Ocna Șugatag (Aknasugatag, אוקנה-שוגאטאג, Окна-Шугатаг) is a commune in Maramureș County, Maramureș, Romania. It is composed of four villages: Breb (Bréb), Hoteni (Hotinka), Ocna Șugatag, and Sat-Șugatag (Falusugatag).

==Geography==
The commune is located in the central-north part of Maramureș County, 19 km south of Sighetu Marmației and 50 km northeast of the county seat, Baia Mare. It is situated at an altitude of 490 m, in a hilly region on the eastern slopes of the Gutin Mountains, on the banks of the river Mara.

A spa resort, Ocna Șugatag is well known for its salt water. It is home to Lake Gavril, which covers an area of over 2 ha and has a depth of about 30 m. Formed by the collapse of a salt mine more than 60 years ago, the lake is known for its anthropomorphic shape and for the fact that at the top it has a layer of fresh water, and at the bottom a layer of salt water.

==Demographics==

At the 2011 census, Ocna Șugatag had 3,853 inhabitants; of those, 89.2% were Romanians, 8.3% Hungarians, and 2.3% Roma.

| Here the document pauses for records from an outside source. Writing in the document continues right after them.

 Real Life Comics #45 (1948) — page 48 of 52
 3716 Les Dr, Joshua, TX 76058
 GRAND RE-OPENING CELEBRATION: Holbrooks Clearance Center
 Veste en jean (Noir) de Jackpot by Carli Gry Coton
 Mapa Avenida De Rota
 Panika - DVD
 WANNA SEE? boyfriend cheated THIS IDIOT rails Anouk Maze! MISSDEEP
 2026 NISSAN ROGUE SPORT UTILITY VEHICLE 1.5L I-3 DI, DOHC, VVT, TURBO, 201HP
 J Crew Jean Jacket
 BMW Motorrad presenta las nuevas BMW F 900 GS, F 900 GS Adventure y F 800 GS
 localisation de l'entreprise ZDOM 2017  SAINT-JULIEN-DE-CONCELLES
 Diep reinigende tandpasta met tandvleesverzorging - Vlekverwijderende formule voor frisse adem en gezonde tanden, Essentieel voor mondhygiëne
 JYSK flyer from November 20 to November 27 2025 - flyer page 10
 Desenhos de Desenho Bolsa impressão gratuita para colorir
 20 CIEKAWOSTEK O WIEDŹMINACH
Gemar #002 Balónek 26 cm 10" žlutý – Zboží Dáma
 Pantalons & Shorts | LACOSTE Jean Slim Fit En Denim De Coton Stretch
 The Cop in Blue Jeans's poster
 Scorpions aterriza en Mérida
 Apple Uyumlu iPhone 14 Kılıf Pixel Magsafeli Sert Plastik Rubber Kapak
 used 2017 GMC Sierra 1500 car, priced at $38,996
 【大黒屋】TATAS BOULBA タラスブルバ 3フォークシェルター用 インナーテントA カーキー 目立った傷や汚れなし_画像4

At the 2021 census, the commune had a population of 3,617, of which 84.32% were Romanians, 5.2% Hungarians, and 3.12% Roma.

==Natives==
- Marga Barbu (1929 – 2009), actress
- Maria Ficzay (born 1991), women's football player
- Béla Zsedényi (1894 – 1955), Hungarian jurist and politician

==Climate==

Climate data for Ocna Șugatag (1991–2020)
| Month | Jan | Feb | Mar | Apr | May | Jun | Jul | Aug | Sep | Oct | Nov | Dec | Year |
| Record high °C (°F) | 16.1 (61.0) | 18.0 (64.4) | 24.4 (75.9) | 29.2 (84.6) | 30.0 (86.0) | 34.1 (93.4) | 35.2 (95.4) | 35.8 (96.4) | 33.7 (92.7) | 28.4 (83.1) | 26.4 (79.5) | 15.7 (60.3) | 35.8 (96.4) |
| Mean daily maximum °C (°F) | 1.6 (34.9) | 3.8 (38.8) | 8.6 (47.5) | 15.3 (59.5) | 20.2 (68.4) | 23.5 (74.3) | 25.1 (77.2) | 25.4 (77.7) | 20.0 (68.0) | 14.7 (58.5) | 8.7 (47.7) | 2.4 (36.3) | 14.1 (57.4) |
| Daily mean °C (°F) | −2.2 (28.0) | −0.7 (30.7) | 3.3 (37.9) | 9.3 (48.7) | 14.1 (57.4) | 17.5 (63.5) | 19.0 (66.2) | 18.9 (66.0) | 13.8 (56.8) | 9.0 (48.2) | 4.3 (39.7) | −1.0 (30.2) | 8.8 (47.8) |
| Mean daily minimum °C (°F) | −5.0 (23.0) | −3.9 (25.0) | −0.7 (30.7) | 4.2 (39.6) | 8.5 (47.3) | 11.9 (53.4) | 13.3 (55.9) | 13.1 (55.6) | 9.0 (48.2) | 4.9 (40.8) | 1.0 (33.8) | −3.7 (25.3) | 4.4 (39.9) |
| Record low °C (°F) | −19.0 (−2.2) | −21.7 (−7.1) | −16.3 (2.7) | −7.3 (18.9) | −3.7 (25.3) | 4.0 (39.2) | 4.8 (40.6) | 3.4 (38.1) | −0.3 (31.5) | −9.5 (14.9) | −13.9 (7.0) | −23.3 (−9.9) | −23.3 (−9.9) |
| Average precipitation mm (inches) | 39.8 (1.57) | 41.8 (1.65) | 49.0 (1.93) | 50.4 (1.98) | 92.3 (3.63) | 99.8 (3.93) | 100.9 (3.97) | 76.5 (3.01) | 66.9 (2.63) | 61.4 (2.42) | 48.5 (1.91) | 51.5 (2.03) | 778.8 (30.66) |
| Average precipitation days (≥ 1.0 mm) | 8.4 | 9.0 | 8.6 | 8.9 | 12.0 | 11.5 | 11.8 | 8.3 | 8.6 | 7.9 | 8.7 | 9.0 | 112.7 |
| Mean monthly sunshine hours | 73.1 | 90.8 | 148.1 | 192.6 | 239.5 | 259.3 | 272.1 | 275.7 | 190.3 | 151.9 | 94.8 | 58.2 | 2,046.4 |
Source 1: NOAA
Source 2: Meteomanz (extremes since 2021)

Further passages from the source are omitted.